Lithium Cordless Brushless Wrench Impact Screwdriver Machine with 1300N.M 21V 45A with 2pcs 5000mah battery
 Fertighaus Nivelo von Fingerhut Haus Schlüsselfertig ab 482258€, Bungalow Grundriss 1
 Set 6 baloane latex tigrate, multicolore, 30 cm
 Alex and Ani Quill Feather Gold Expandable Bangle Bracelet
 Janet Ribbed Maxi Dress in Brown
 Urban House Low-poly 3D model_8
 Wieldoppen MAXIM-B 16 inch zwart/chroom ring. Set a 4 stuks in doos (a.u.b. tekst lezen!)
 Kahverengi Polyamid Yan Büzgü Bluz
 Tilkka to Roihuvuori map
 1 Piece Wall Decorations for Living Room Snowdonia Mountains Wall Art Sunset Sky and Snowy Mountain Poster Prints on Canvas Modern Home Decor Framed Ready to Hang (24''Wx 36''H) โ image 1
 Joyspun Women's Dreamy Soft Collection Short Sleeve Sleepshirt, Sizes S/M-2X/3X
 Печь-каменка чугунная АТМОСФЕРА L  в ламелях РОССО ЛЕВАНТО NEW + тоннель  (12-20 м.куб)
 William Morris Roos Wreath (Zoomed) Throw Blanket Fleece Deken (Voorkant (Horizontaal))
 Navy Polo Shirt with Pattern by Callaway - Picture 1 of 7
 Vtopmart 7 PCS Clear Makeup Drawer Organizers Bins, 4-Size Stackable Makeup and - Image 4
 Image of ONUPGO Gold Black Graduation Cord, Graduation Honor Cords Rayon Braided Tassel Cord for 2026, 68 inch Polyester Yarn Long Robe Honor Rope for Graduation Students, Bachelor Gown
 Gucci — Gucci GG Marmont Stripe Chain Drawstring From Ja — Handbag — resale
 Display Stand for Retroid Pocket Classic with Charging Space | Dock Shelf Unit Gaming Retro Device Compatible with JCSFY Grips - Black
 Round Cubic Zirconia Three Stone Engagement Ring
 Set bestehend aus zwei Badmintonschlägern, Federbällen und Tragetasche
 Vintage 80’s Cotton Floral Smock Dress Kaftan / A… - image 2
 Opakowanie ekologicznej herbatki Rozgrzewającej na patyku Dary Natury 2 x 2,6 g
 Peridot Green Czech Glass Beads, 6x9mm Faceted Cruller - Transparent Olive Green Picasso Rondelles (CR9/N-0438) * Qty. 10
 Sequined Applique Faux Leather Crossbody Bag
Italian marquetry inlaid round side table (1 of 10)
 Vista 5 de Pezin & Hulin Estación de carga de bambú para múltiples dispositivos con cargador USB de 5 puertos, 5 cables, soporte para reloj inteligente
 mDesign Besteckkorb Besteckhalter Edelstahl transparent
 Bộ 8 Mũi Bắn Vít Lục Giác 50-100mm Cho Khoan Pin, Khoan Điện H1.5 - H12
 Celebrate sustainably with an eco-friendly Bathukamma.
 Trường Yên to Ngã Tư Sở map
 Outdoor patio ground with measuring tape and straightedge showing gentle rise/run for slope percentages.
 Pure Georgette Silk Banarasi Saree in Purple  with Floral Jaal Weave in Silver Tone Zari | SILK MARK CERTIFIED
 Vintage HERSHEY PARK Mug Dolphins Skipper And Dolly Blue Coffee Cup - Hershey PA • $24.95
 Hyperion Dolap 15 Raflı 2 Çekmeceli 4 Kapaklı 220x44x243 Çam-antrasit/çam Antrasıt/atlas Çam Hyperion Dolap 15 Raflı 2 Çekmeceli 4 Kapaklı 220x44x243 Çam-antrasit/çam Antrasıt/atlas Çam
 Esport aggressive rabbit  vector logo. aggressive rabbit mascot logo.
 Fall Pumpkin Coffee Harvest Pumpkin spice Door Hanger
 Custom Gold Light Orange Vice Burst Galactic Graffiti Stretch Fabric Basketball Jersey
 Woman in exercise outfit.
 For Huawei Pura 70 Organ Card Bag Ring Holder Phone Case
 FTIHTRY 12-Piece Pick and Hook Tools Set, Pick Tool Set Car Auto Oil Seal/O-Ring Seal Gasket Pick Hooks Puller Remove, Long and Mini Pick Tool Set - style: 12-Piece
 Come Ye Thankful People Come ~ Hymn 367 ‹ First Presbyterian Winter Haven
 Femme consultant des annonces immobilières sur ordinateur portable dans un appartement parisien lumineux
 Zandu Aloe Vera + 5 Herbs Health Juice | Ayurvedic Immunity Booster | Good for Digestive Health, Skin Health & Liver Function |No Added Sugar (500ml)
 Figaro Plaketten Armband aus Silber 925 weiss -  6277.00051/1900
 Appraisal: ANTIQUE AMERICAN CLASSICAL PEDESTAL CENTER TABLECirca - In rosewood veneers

WHAT YOU NEED TO DO: Your task is to retype all of the lines above exactly.

ANSWER SECTION:
Lithium Cordless Brushless Wrench Impact Screwdriver Machine with 1300N.M 21V 45A with 2pcs 5000mah battery
 Fertighaus Nivelo von Fingerhut Haus Schlüsselfertig ab 482258€, Bungalow Grundriss 1
 Set 6 baloane latex tigrate, multicolore, 30 cm
 Alex and Ani Quill Feather Gold Expandable Bangle Bracelet
 Janet Ribbed Maxi Dress in Brown
 Urban House Low-poly 3D model_8
 Wieldoppen MAXIM-B 16 inch zwart/chroom ring. Set a 4 stuks in doos (a.u.b. tekst lezen!)
 Kahverengi Polyamid Yan Büzgü Bluz
 Tilkka to Roihuvuori map
 1 Piece Wall Decorations for Living Room Snowdonia Mountains Wall Art Sunset Sky and Snowy Mountain Poster Prints on Canvas Modern Home Decor Framed Ready to Hang (24''Wx 36''H) โ image 1
 Joyspun Women's Dreamy Soft Collection Short Sleeve Sleepshirt, Sizes S/M-2X/3X
 Печь-каменка чугунная АТМОСФЕРА L  в ламелях РОССО ЛЕВАНТО NEW + тоннель  (12-20 м.куб)
 William Morris Roos Wreath (Zoomed) Throw Blanket Fleece Deken (Voorkant (Horizontaal))
 Navy Polo Shirt with Pattern by Callaway - Picture 1 of 7
 Vtopmart 7 PCS Clear Makeup Drawer Organizers Bins, 4-Size Stackable Makeup and - Image 4
 Image of ONUPGO Gold Black Graduation Cord, Graduation Honor Cords Rayon Braided Tassel Cord for 2026, 68 inch Polyester Yarn Long Robe Honor Rope for Graduation Students, Bachelor Gown
 Gucci — Gucci GG Marmont Stripe Chain Drawstring From Ja — Handbag — resale
 Display Stand for Retroid Pocket Classic with Charging Space | Dock Shelf Unit Gaming Retro Device Compatible with JCSFY Grips - Black
 Round Cubic Zirconia Three Stone Engagement Ring
 Set bestehend aus zwei Badmintonschlägern, Federbällen und Tragetasche
 Vintage 80’s Cotton Floral Smock Dress Kaftan / A… - image 2
 Opakowanie ekologicznej herbatki Rozgrzewającej na patyku Dary Natury 2 x 2,6 g
 Peridot Green Czech Glass Beads, 6x9mm Faceted Cruller - Transparent Olive Green Picasso Rondelles (CR9/N-0438) * Qty. 10
 Sequined Applique Faux Leather Crossbody Bag
Italian marquetry inlaid round side table (1 of 10)
 Vista 5 de Pezin & Hulin Estación de carga de bambú para múltiples dispositivos con cargador USB de 5 puertos, 5 cables, soporte para reloj inteligente
 mDesign Besteckkorb Besteckhalter Edelstahl transparent
 Bộ 8 Mũi Bắn Vít Lục Giác 50-100mm Cho Khoan Pin, Khoan Điện H1.5 - H12
 Celebrate sustainably with an eco-friendly Bathukamma.
 Trường Yên to Ngã Tư Sở map
 Outdoor patio ground with measuring tape and straightedge showing gentle rise/run for slope percentages.
 Pure Georgette Silk Banarasi Saree in Purple  with Floral Jaal Weave in Silver Tone Zari | SILK MARK CERTIFIED
 Vintage HERSHEY PARK Mug Dolphins Skipper And Dolly Blue Coffee Cup - Hershey PA • $24.95
 Hyperion Dolap 15 Raflı 2 Çekmeceli 4 Kapaklı 220x44x243 Çam-antrasit/çam Antrasıt/atlas Çam Hyperion Dolap 15 Raflı 2 Çekmeceli 4 Kapaklı 220x44x243 Çam-antrasit/çam Antrasıt/atlas Çam
 Esport aggressive rabbit  vector logo. aggressive rabbit mascot logo.
 Fall Pumpkin Coffee Harvest Pumpkin spice Door Hanger
 Custom Gold Light Orange Vice Burst Galactic Graffiti Stretch Fabric Basketball Jersey
 Woman in exercise outfit.
 For Huawei Pura 70 Organ Card Bag Ring Holder Phone Case
 FTIHTRY 12-Piece Pick and Hook Tools Set, Pick Tool Set Car Auto Oil Seal/O-Ring Seal Gasket Pick Hooks Puller Remove, Long and Mini Pick Tool Set - style: 12-Piece
 Come Ye Thankful People Come ~ Hymn 367 ‹ First Presbyterian Winter Haven
 Femme consultant des annonces immobilières sur ordinateur portable dans un appartement parisien lumineux
 Zandu Aloe Vera + 5 Herbs Health Juice | Ayurvedic Immunity Booster | Good for Digestive Health, Skin Health & Liver Function |No Added Sugar (500ml)
 Figaro Plaketten Armband aus Silber 925 weiss -  6277.00051/1900
 Appraisal: ANTIQUE AMERICAN CLASSICAL PEDESTAL CENTER TABLECirca - In rosewood veneers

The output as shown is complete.